▶ _Exercise_
Set down nothing but the lines from the one containing "Prefeito Affonso atende" to the final line of the material, exactly as written, and drop the pictures.

▶ _Data segment_

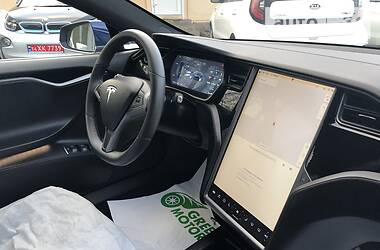 Седан Tesla Model S 2018 в 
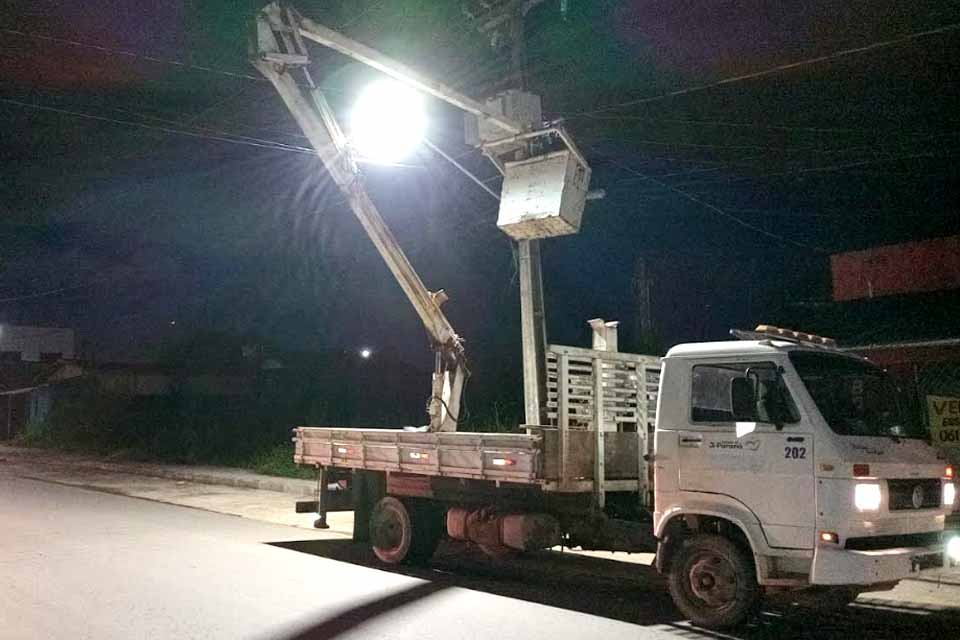 Prefeito Affonso atende demandas do bairro JK realizando serviços de manutenção na rede de iluminação pública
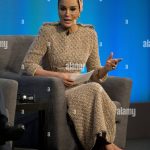 FamousPeopleFacts - Moza bint Nasser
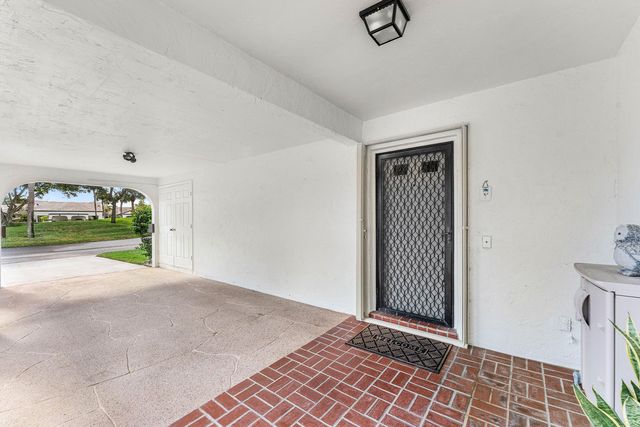 5574 Parkwalk Circle E, Boynton Beach, FL 33472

▶ _Response area_
 Prefeito Affonso atende demandas do bairro JK realizando serviços de manutenção na rede de iluminação pública
 FamousPeopleFacts - Moza bint Nasser
 5574 Parkwalk Circle E, Boynton Beach, FL 33472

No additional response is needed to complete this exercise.